--- START ---

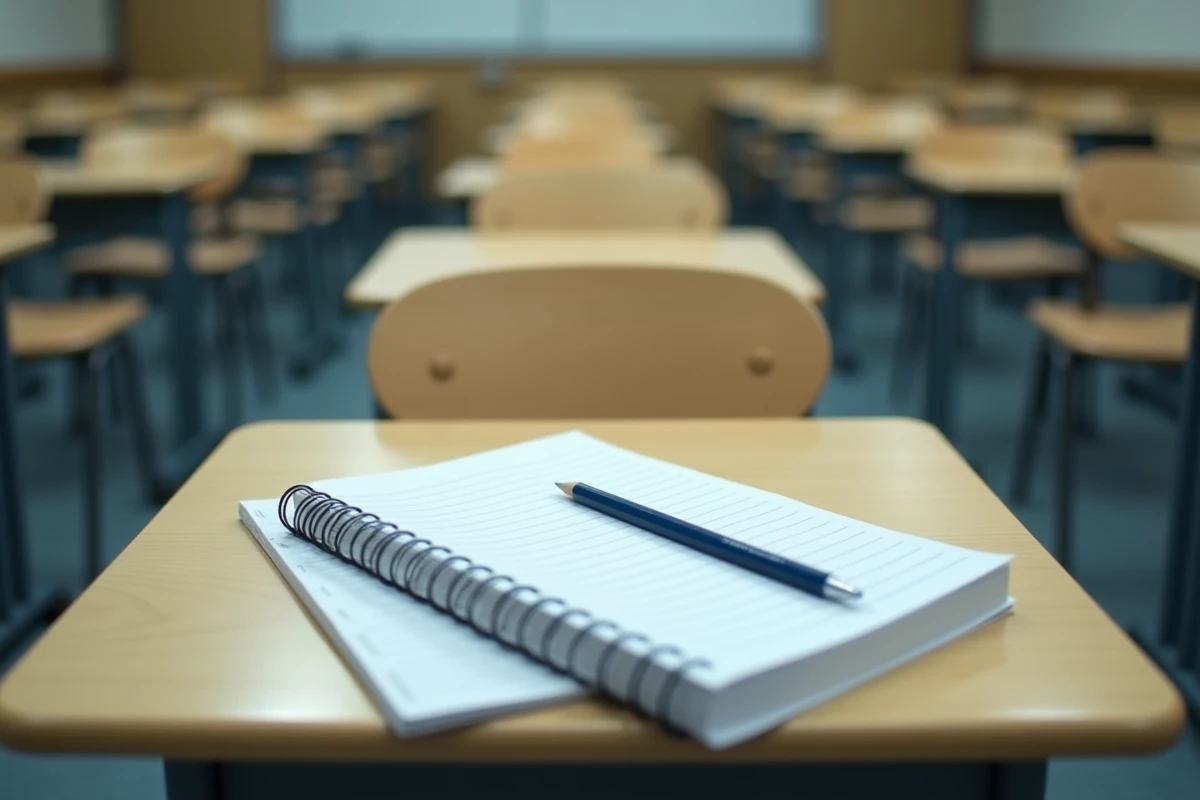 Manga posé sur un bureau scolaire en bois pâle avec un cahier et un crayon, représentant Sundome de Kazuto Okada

--- END ---
--- START ---

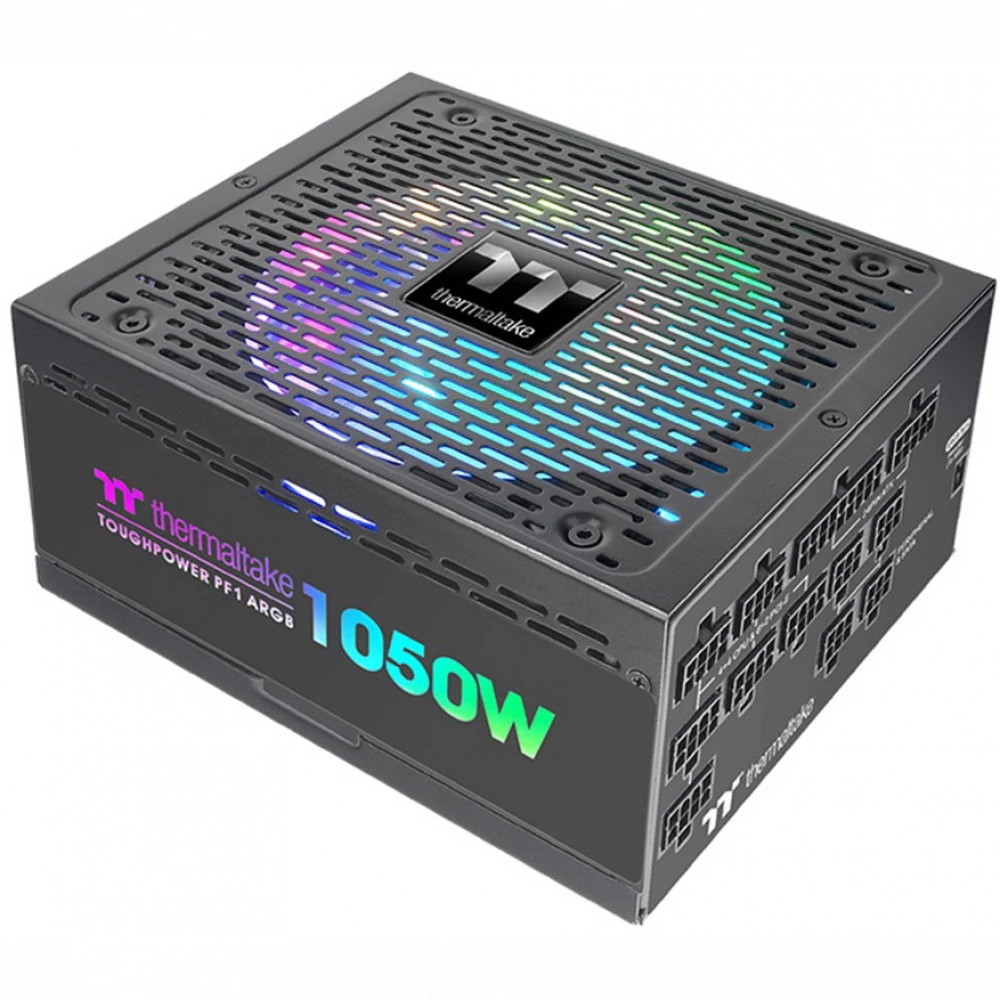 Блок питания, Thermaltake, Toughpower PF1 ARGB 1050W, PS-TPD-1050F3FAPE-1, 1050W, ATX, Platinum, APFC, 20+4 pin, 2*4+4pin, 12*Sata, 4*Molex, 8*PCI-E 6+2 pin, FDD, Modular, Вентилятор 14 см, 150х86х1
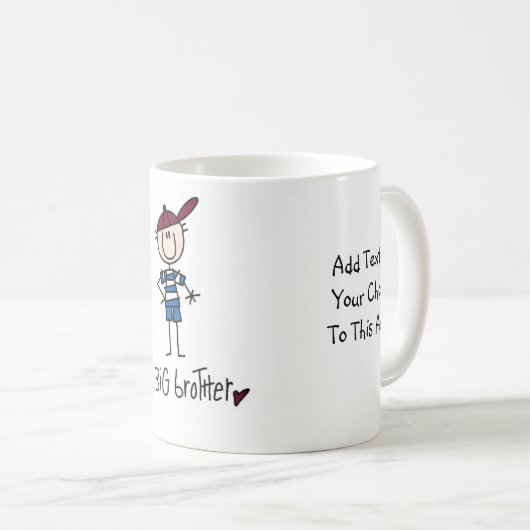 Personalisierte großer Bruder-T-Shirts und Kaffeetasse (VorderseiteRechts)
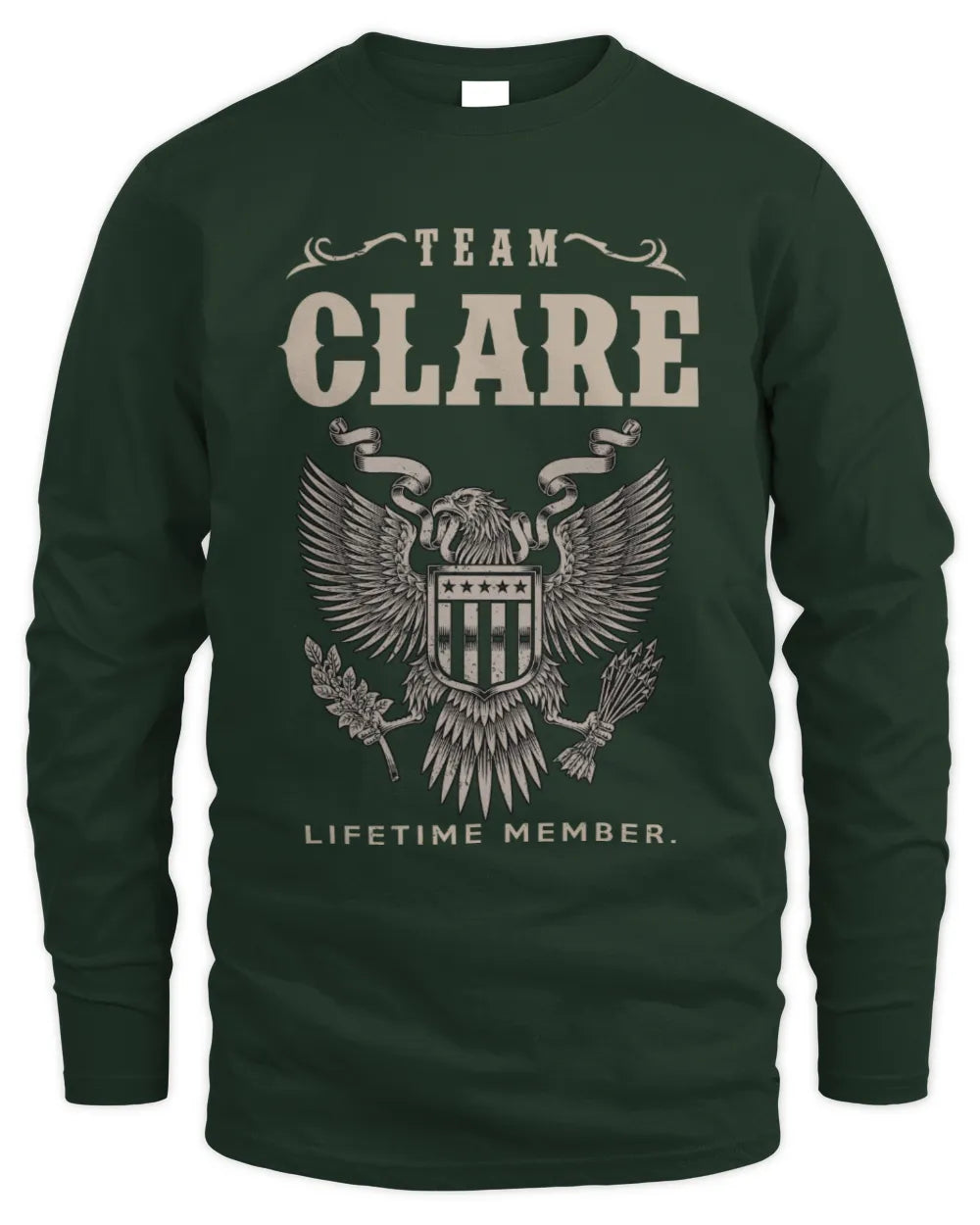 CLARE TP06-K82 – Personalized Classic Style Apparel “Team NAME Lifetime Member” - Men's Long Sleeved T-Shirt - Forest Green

--- END ---

* [Exercise instructions]:
Write down exactly what the lines above say, from the line holding "Блок питания, Thermaltake, Toughpower" through the line holding "CLARE TP06-K82 –", and nothing more. Do not copy the pictures.

* [Your solution]:
 Блок питания, Thermaltake, Toughpower PF1 ARGB 1050W, PS-TPD-1050F3FAPE-1, 1050W, ATX, Platinum, APFC, 20+4 pin, 2*4+4pin, 12*Sata, 4*Molex, 8*PCI-E 6+2 pin, FDD, Modular, Вентилятор 14 см, 150х86х1
 Personalisierte großer Bruder-T-Shirts und Kaffeetasse (VorderseiteRechts)
 CLARE TP06-K82 – Personalized Classic Style Apparel “Team NAME Lifetime Member” - Men's Long Sleeved T-Shirt - Forest Green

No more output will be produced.